**AIM OF THE EXERCISE**
Give again exactly the lines that run from the start of the records to the line holding "People dining at a long table", both ends counted. Do not include the pictures.

Records drawn from a dataset
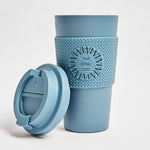 Compostable Tumbler 16oz in blue, lid off, showing logo placement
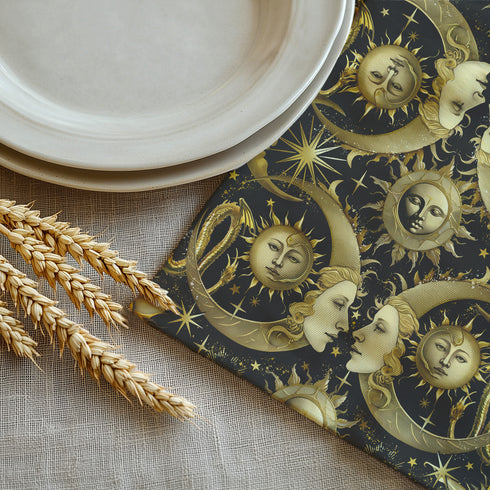 Set of four black cloth napkins with a repeating pattern of golden sun and moon faces, surrounded by swirling flames, craters, and scattered stars.moon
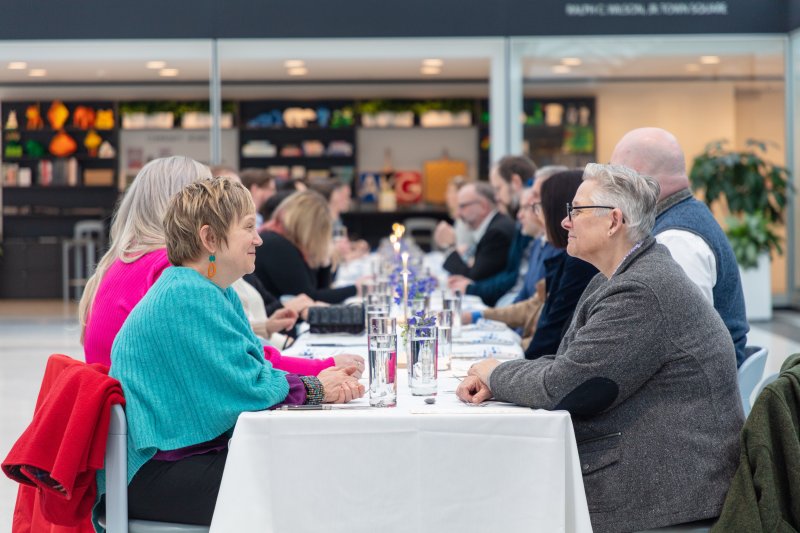 People dining at a long table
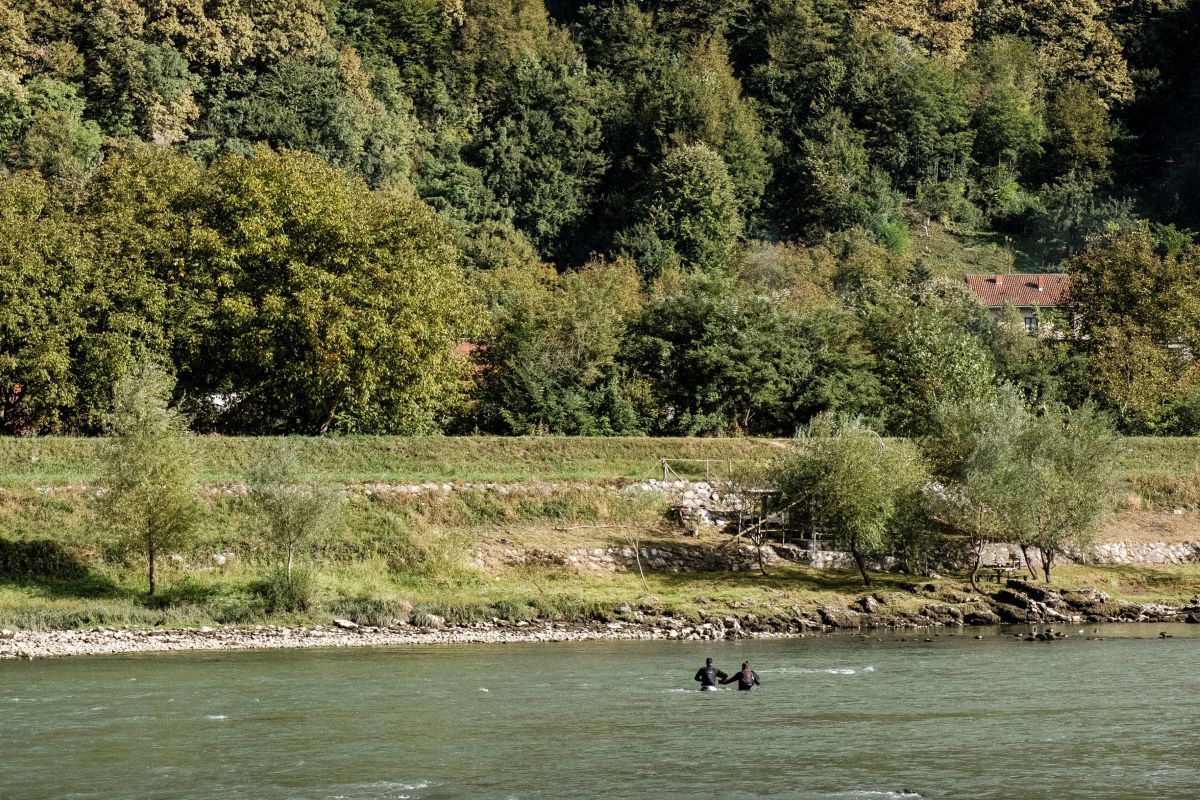 Zvornik, Bosnia-Hercegovina: Two migrants are seen crossing the river Drina between Bosnia and Serbia. As the winter is coming Drina is becoming increasingly dangerous to cross, yet it is still the most common way for the people on the move to cross from Serbia to Bosnia. Image by Ziyah Gafic. Bosnia-Herzegovina, 2020.
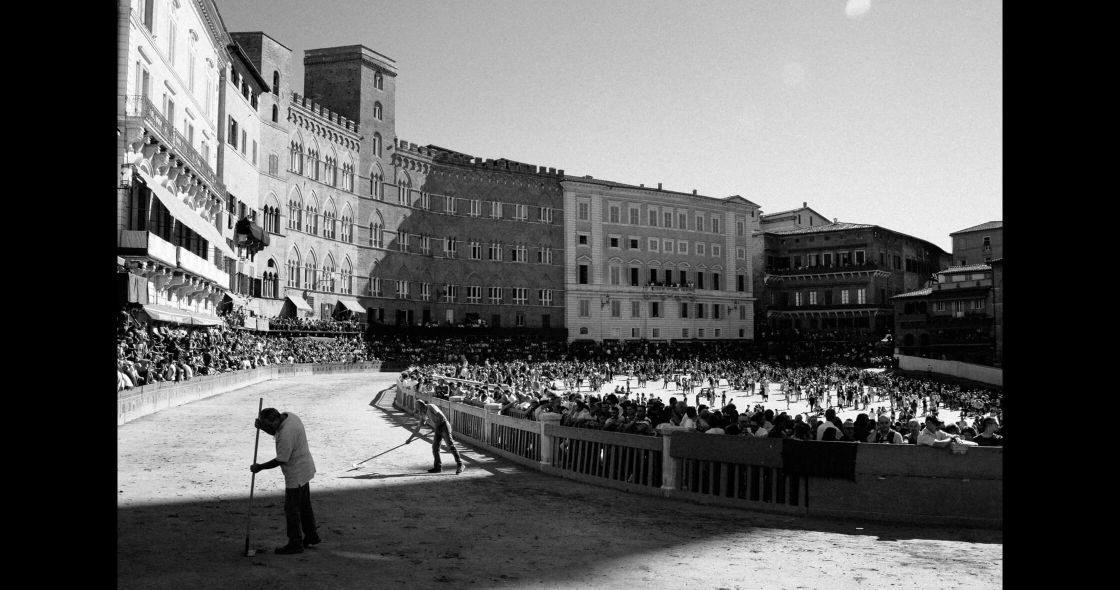 A Person Walking A Dog In A City
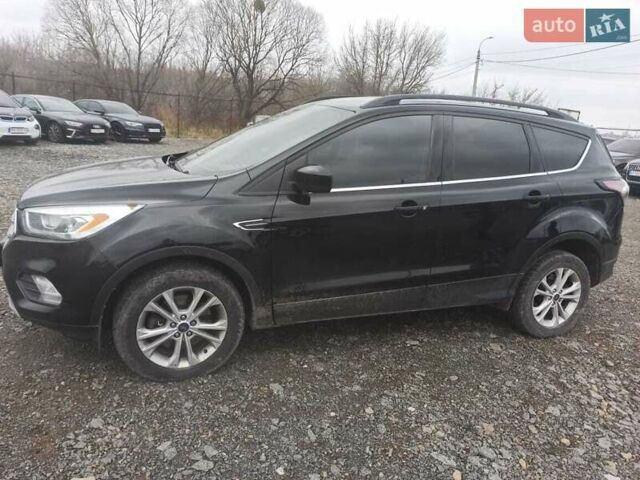 Черный Форд Эскейп, объемом двигателя 2 л и пробегом 147 тыс. км за 12500 $, фото 1 на Automoto.ua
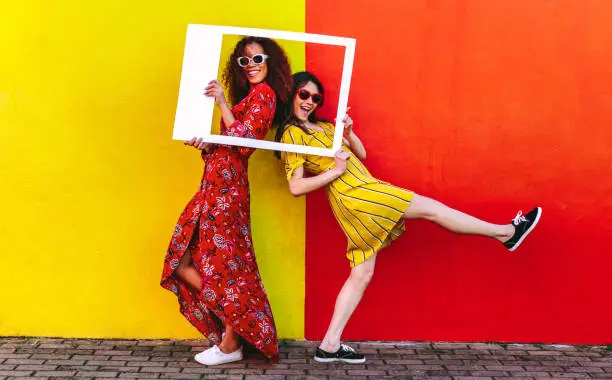 Photo of Girls posing with empty picture frame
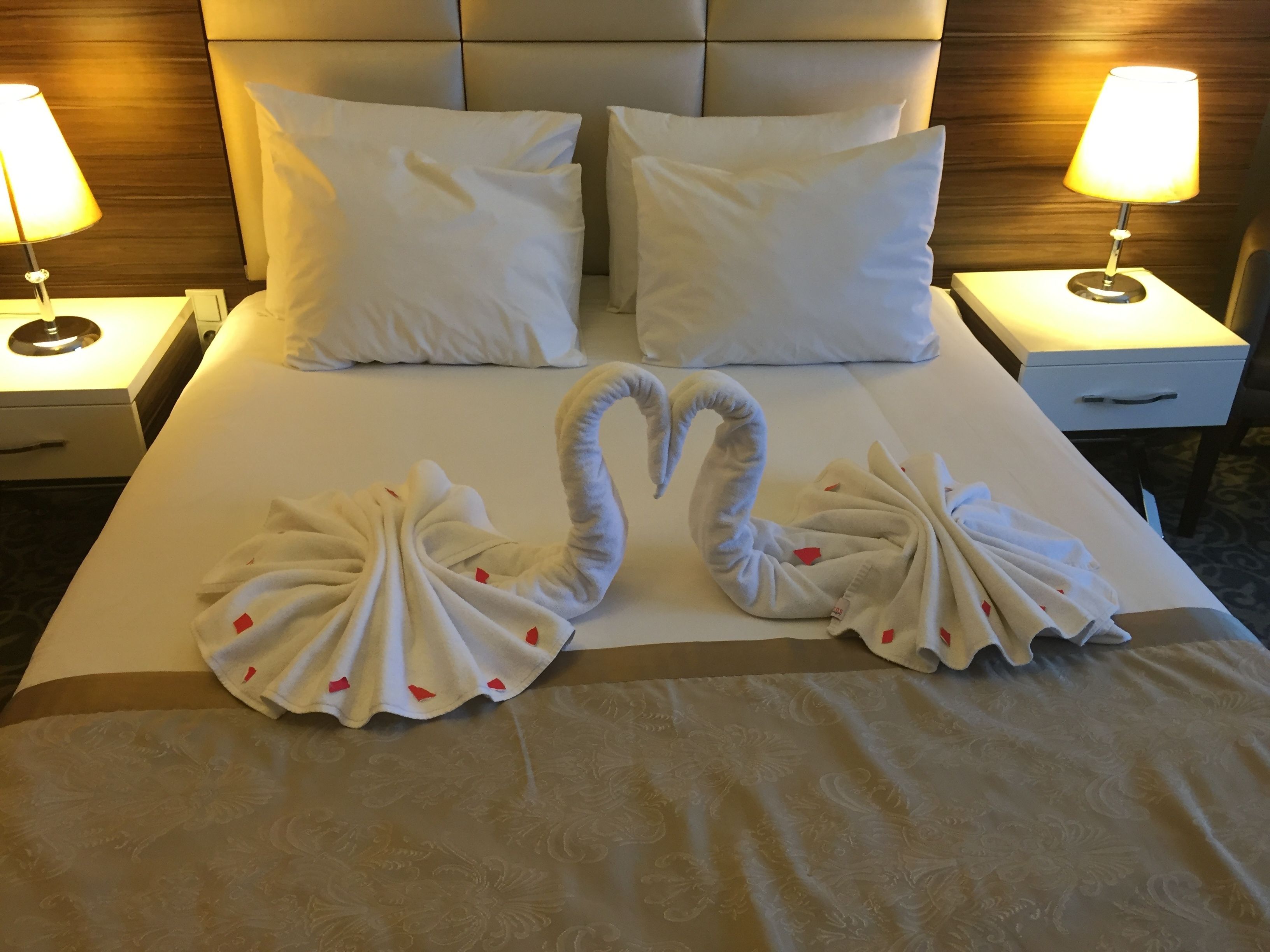 Una camera d'hotel con un letto rifatto, due cuscini, due comodini con lampade e un elegante decorazione a cigno realizzata con asciugamani sul letto.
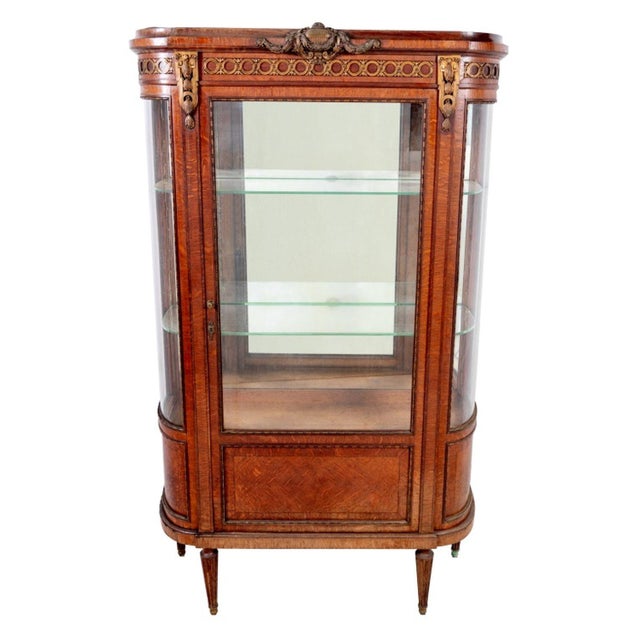 Louis XVI Style Gilt Metal Mounted Oak Vitrine, 20th century, the glazed door enclosing three shelves. 67" H x 39" W x 15" D.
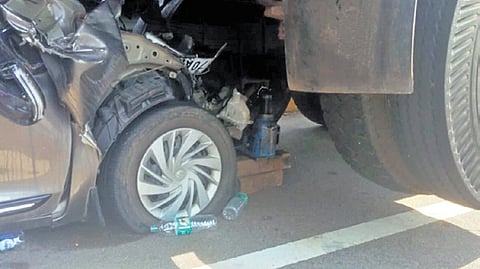 The badly damaged car that rammed into a container truck in Thotapalli village of Tirupati district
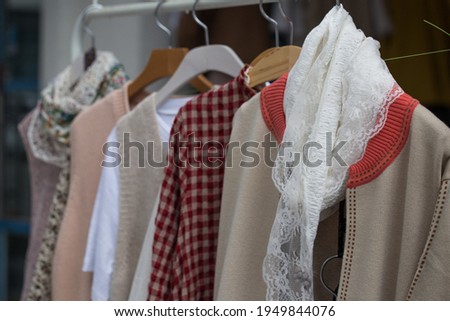 The outer women's clothing on the hanger in the store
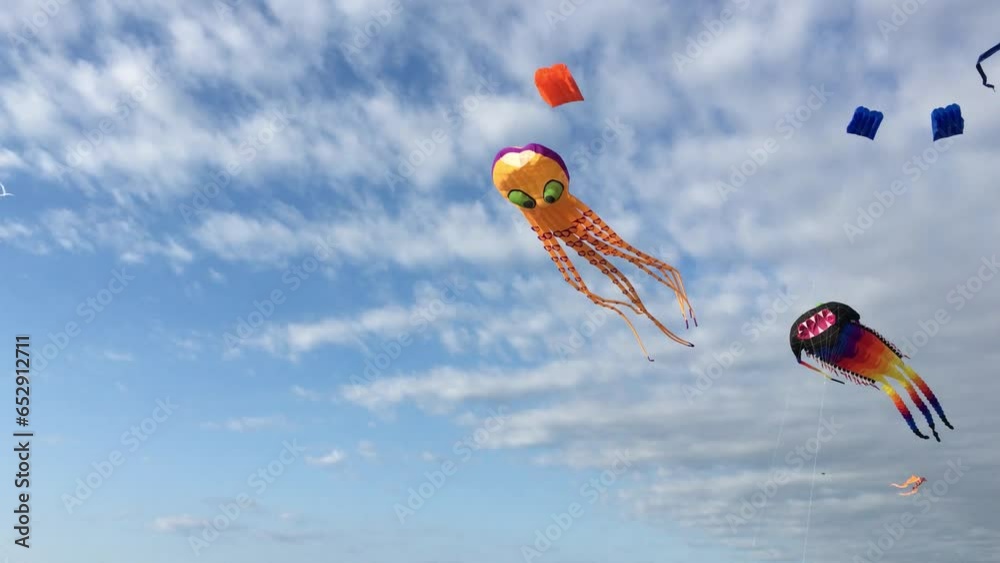 Flying kites against blue sky and clouds background at sunset on sunny day in summer. City kite festival. Two kites flutters in the wind.
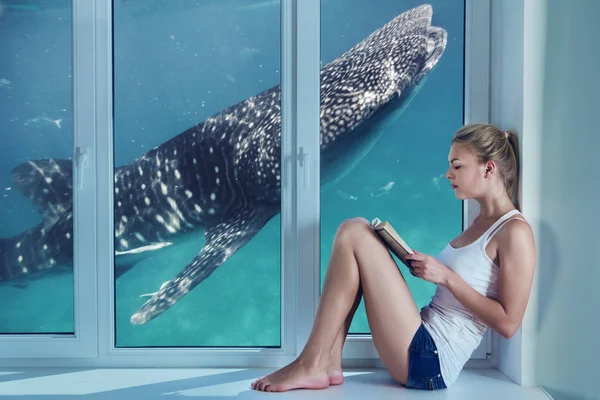 Jeune femme imaginant la vie sous-marine tout en lisant — Photo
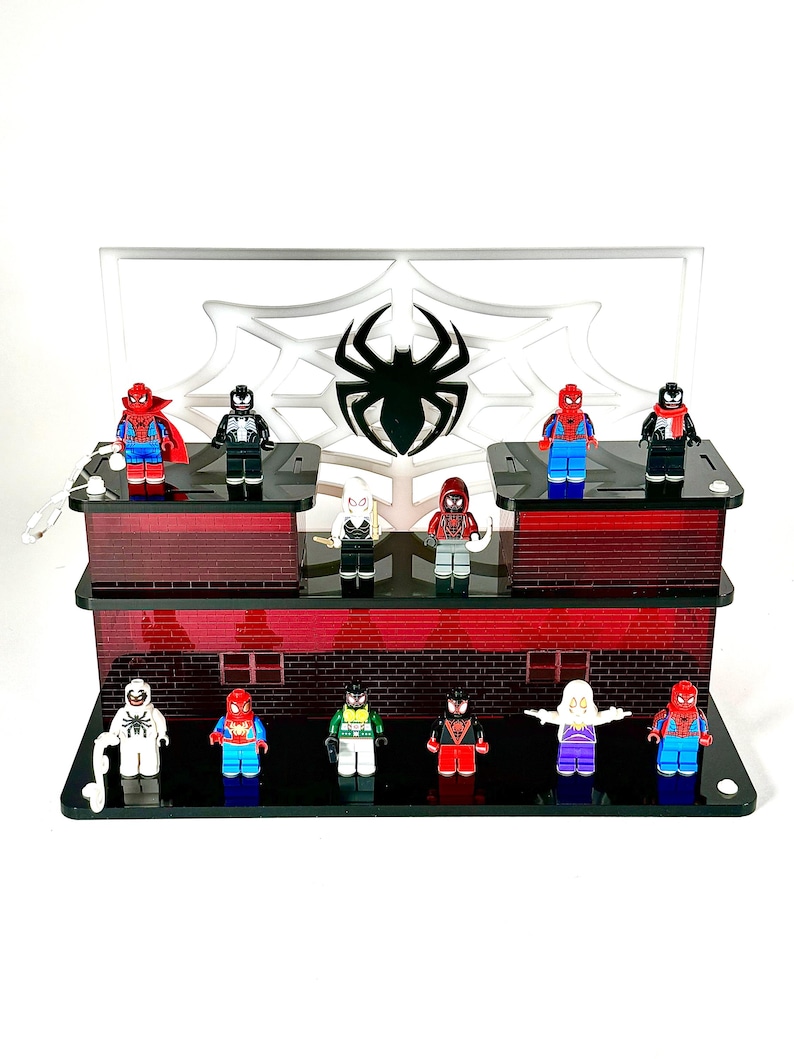 May include: A multi-tiered display stand featuring various Spider-Man character figurines. The stand has a red brick design with a white backdrop displaying a spider web and spider logo. The figurines are in various colors, including red, blue, black, and white.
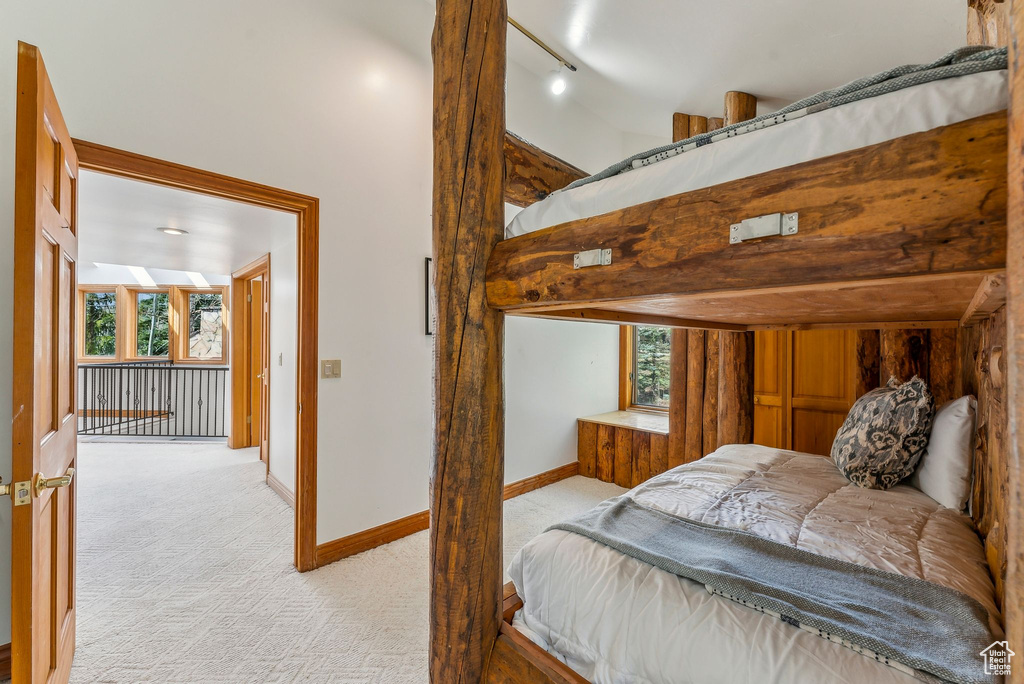 Bedroom with baseboards, light carpet, and a high ceiling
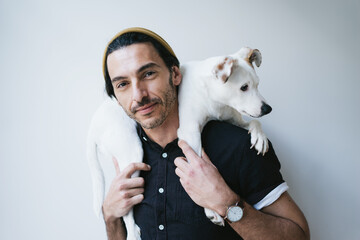 Studio portrait of a handsome guy holding his dog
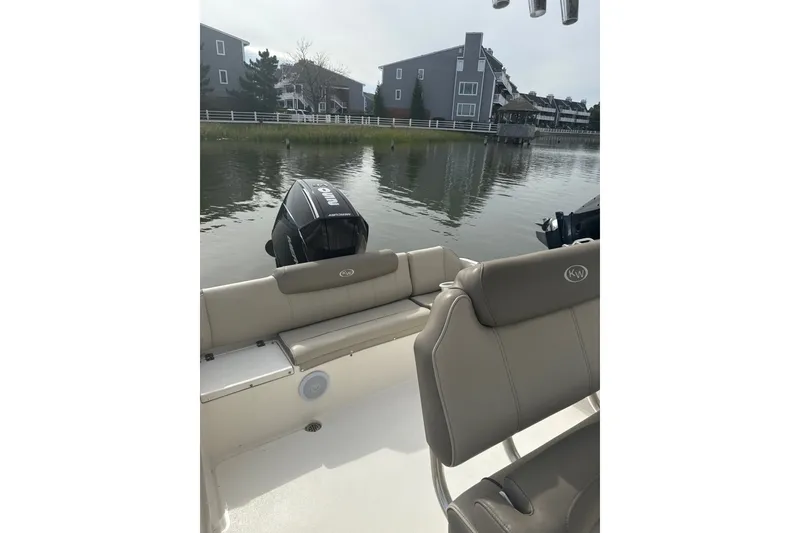Slide: The Image of 2024 Key West 239 FS boat interior with seating and outboard motor on calm water. - 5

**TASK SOLUTION**
 Compostable Tumbler 16oz in blue, lid off, showing logo placement
 Set of four black cloth napkins with a repeating pattern of golden sun and moon faces, surrounded by swirling flames, craters, and scattered stars.moon
 People dining at a long table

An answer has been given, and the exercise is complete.